A Lakewood, Washington, police officer who a jury found liable in a man's death seven years ago was involved in a traffic stop death in May, giving some activists little hope for police reforms. | By Xnatedawgx/Wikimedia Commons

The shooting death of Said Joquin on May 1 by a Lakewood Police officer who had been found liable for the death of another Black man by a jury seven years earlier has activists concerned that the police reform voters approved in 2018 as Initiative 940 has not moved forward nearly enough.

 Annalesa Thomas knew Lakewood Police Officer Mike Wiley because he was on a team that blew off the back door of her son’s home before a police sniper killed him, Crosscut reported.

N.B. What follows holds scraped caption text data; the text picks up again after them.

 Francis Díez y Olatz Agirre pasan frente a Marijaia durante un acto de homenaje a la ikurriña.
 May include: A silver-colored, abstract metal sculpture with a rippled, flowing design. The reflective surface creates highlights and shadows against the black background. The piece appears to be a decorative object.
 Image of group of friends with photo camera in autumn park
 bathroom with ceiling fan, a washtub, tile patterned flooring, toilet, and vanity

Initiative 940 requires police to undergo a new de-escalation training regimen, but the Criminal Justice Training Commission has yet to publish all the documents the independent investigators of use of force incidents need. Another hold up is communities failing to name community representatives for the Cooperative Cities Crime Response Unit.

Thomas said the failure to follow the new law reveals deep cultural problems police department will find difficult to fix.

Some activists say reforms like what Initiative 940 mandated are failing to slow killings by police. They want money typical used to fund police departments to shift to crisis-intervention units and other social services, Crosscut reported.

The deadlines set for Initiative 940 were not achievable, Sue Rahr, the executive director of the Criminal Justice Training Commission, told Crosscut.

Training the state’s 10,000 officers in de-escalation has been slow as developing the training has not been completed. Only 24 of the mandated 40 hours of in-service training has been developed by the Criminal Justice Training Commission. Training instructors was slowed even more by COVID-19, which stopped in-person training.

An increase in the speed of reforms and adoption of additional reforms has been demanded. The governor created a task force to propose more reforms to the Legislature, Crosscut reported.